Segment Start: Record set
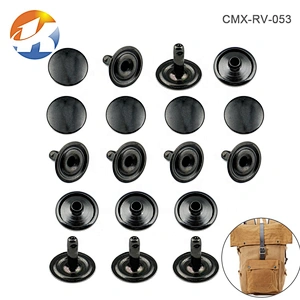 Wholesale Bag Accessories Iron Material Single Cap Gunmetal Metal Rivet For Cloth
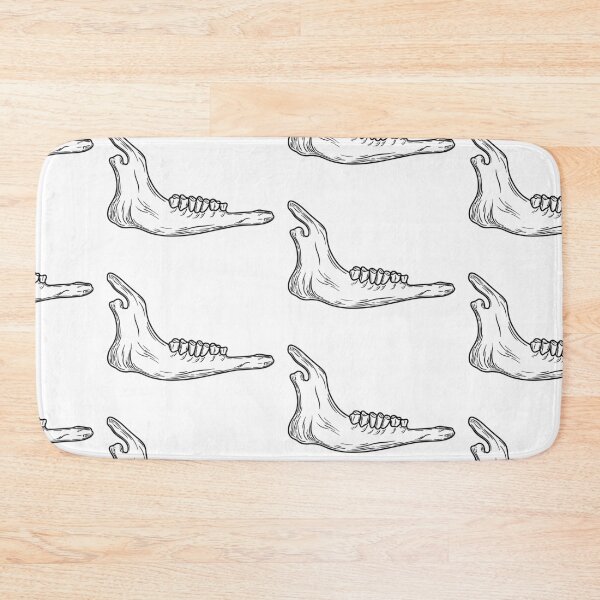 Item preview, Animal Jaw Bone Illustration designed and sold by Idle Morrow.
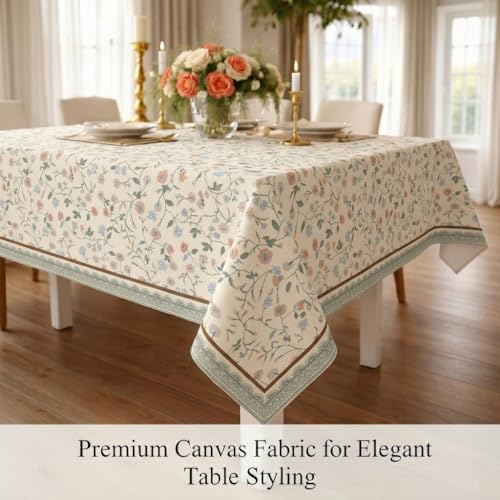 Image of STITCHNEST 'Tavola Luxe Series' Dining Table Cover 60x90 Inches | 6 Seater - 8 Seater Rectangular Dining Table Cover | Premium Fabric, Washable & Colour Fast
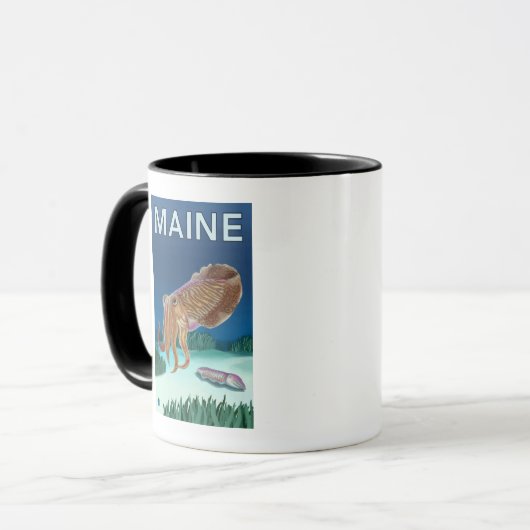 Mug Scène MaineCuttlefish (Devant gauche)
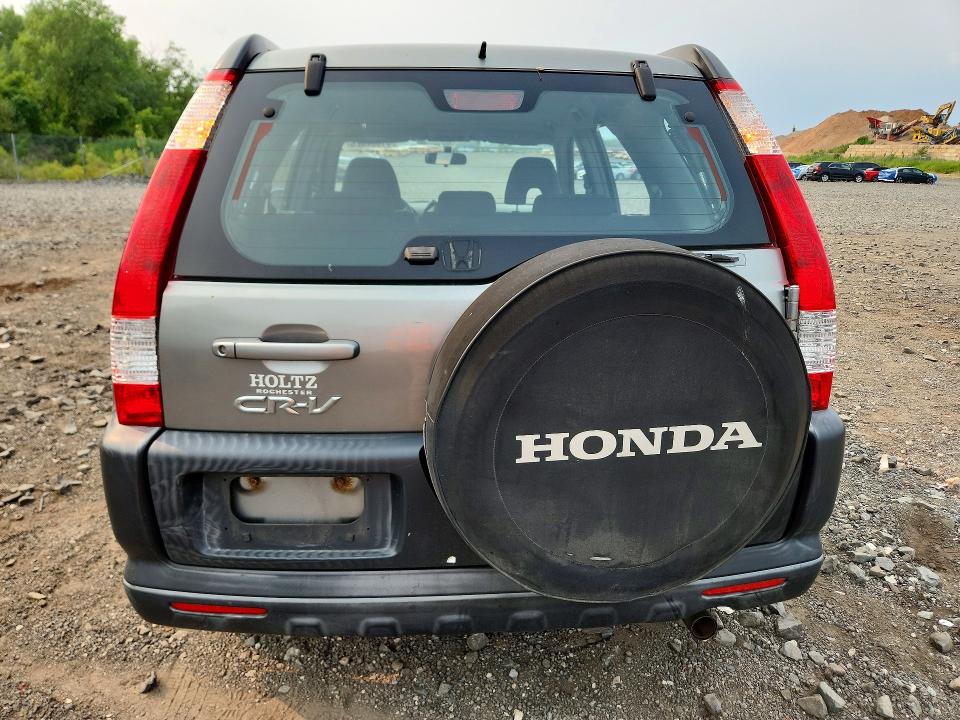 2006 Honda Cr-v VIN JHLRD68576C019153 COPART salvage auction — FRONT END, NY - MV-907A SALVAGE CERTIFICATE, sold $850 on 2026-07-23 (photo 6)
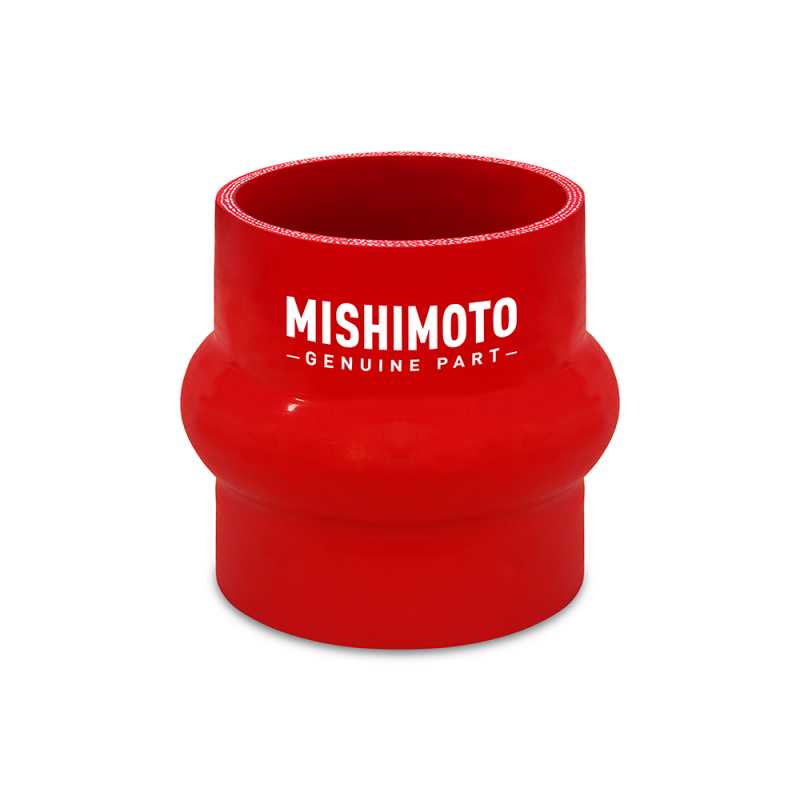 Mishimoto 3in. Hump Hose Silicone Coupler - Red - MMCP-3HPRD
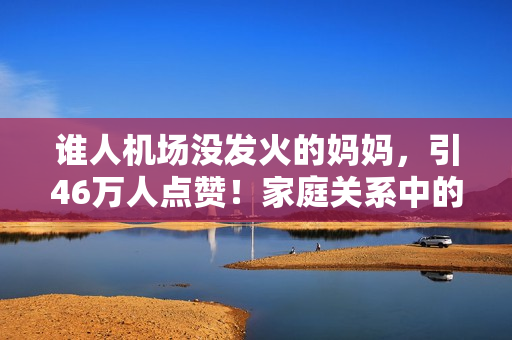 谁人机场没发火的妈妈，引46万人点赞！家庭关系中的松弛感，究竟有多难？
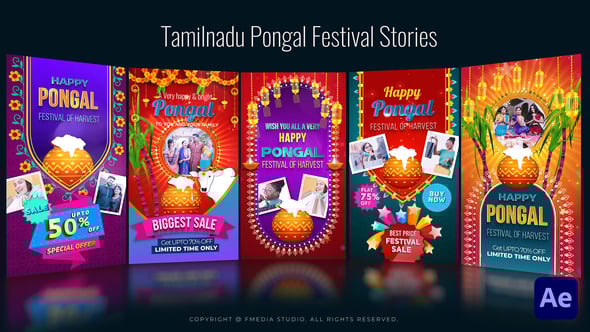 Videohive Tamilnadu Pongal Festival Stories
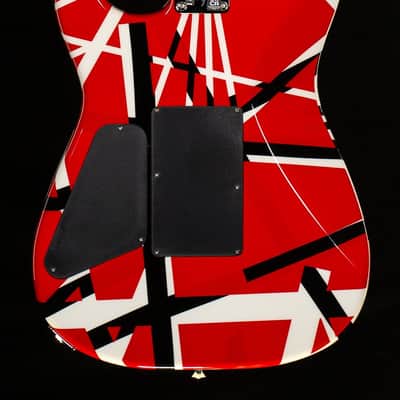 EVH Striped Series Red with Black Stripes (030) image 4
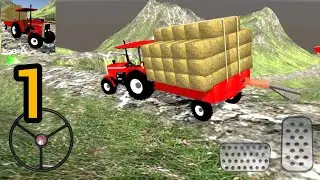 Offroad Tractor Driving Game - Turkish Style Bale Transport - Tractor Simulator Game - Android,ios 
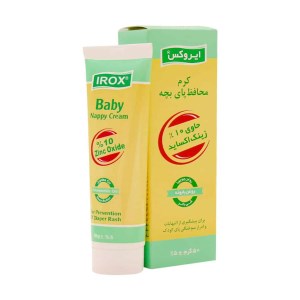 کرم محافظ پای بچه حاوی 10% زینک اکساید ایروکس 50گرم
Segment End: Record set
== Requirement ==
Without the images, write out each line of the data verbatim.

== Response area ==
 Wholesale Bag Accessories Iron Material Single Cap Gunmetal Metal Rivet For Cloth
 Item preview, Animal Jaw Bone Illustration designed and sold by Idle Morrow.
 Image of STITCHNEST 'Tavola Luxe Series' Dining Table Cover 60x90 Inches | 6 Seater - 8 Seater Rectangular Dining Table Cover | Premium Fabric, Washable & Colour Fast
 Mug Scène MaineCuttlefish (Devant gauche)
 2006 Honda Cr-v VIN JHLRD68576C019153 COPART salvage auction — FRONT END, NY - MV-907A SALVAGE CERTIFICATE, sold $850 on 2026-07-23 (photo 6)
 Mishimoto 3in. Hump Hose Silicone Coupler - Red - MMCP-3HPRD
 谁人机场没发火的妈妈，引46万人点赞！家庭关系中的松弛感，究竟有多难？
 Videohive Tamilnadu Pongal Festival Stories
 EVH Striped Series Red with Black Stripes (030) image 4
 Offroad Tractor Driving Game - Turkish Style Bale Transport - Tractor Simulator Game - Android,ios 
 کرم محافظ پای بچه حاوی 10% زینک اکساید ایروکس 50گرم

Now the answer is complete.